At the end of October 2013, the public sector net debt excluding the temporary effects of financial interventions was £1.207 trillion (75.4 per cent of GDP), up from £1.142 trillion (72.6 per cent of GDP) a year ago. It’s getting worse but not as quickly, which is not that uplifting a thought.
Tax receipts have grown 3.2 per cent over the past year, in part thanks to home buyers shelling out on stamp duty – some of this overall rise in the tax take is artificial and due to high-income workers shifting bonuses from 2012-13 (when the 50p tax rate was in force) to 2013-14 (when it fell to 45p). However, not all of the effects of the recovery have so far been visible in the tax take, which suggests that more revenue growth will kick in with a lag.
The real problem on the revenue side for Osborne is wage growth: at the moment, total pay is creeping up by just 0.7 per cent a year. When and if this eventually returns to more normal levels, the impact on the national finances would be hugely positive.
On the spending side, so far this financial year (from April to October) central government accrued current expenditure has increased by 2.1 per cent, compared with the same period in the previous financial year. Regrettably, austerity is slowing to a crawl: while real spending is still probably falling (depending on the GDP deflator, the measure of inflation for these matters) the reduction appears to have become vanishingly small.
Yet if he has any chance of trying to win the next election, the chancellor needs to unleash a programme of tax cuts targeted at the poor and the middle class. Given the political constraints, a plausible set of pledges could include a further increase to the tax-free personal allowance; a cut to the basic rate of income tax; a reduction and reform of stamp duty; an axe to green taxes to cut the price of energy; and a relaunch of his original vote-winning inheritance tax cut pledge that saw off Gordon Brown.

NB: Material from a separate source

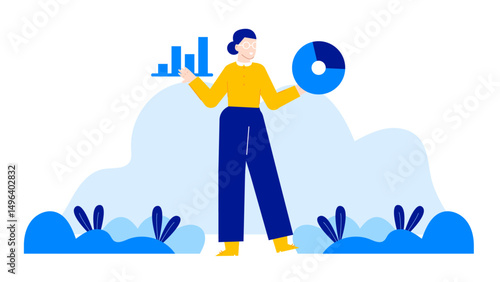 Woman displays data visually with a bar graph and a pie chart, ideal for business presentations or financial reports.
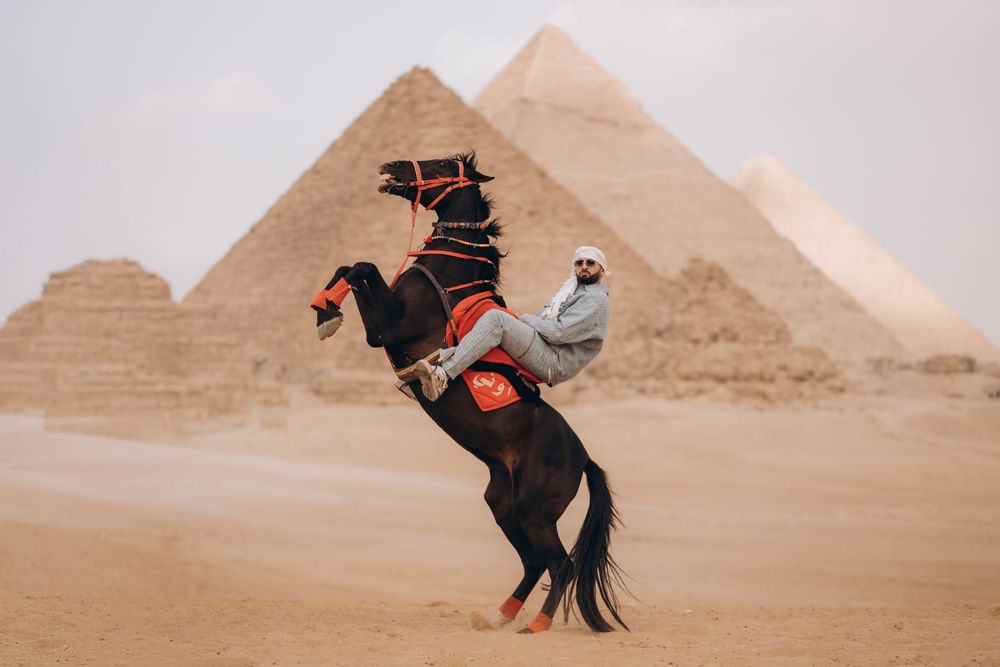 A horse rears up dramatically against the backdrop of the ancient Egyptian pyramids in the desert.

This is not my ideal set of policies, merely a list that might possibly be acceptable to the current coalition (for those that could happen in 2014 or 2015) or that David Cameron might be willing to sign up to (for the next Tory election manifesto). Given that these tax cuts wouldn’t have much of an impact on incentives, the supply-side effect is likely to be limited. The chancellor would therefore need to cut spending by another one per cent of GDP (on top of current plans) over the next two years.
Osborne’s budget deficit is going down but progress remains slow. Yet a hard-pressed public is in desperate need of tax relief. That means that Osborne needs to cut spending more quickly, and share the proceeds between deficit reduction and tax relief. Whether or not he has the courage to do so will be a key factor determining whether or not the Tories win the next election.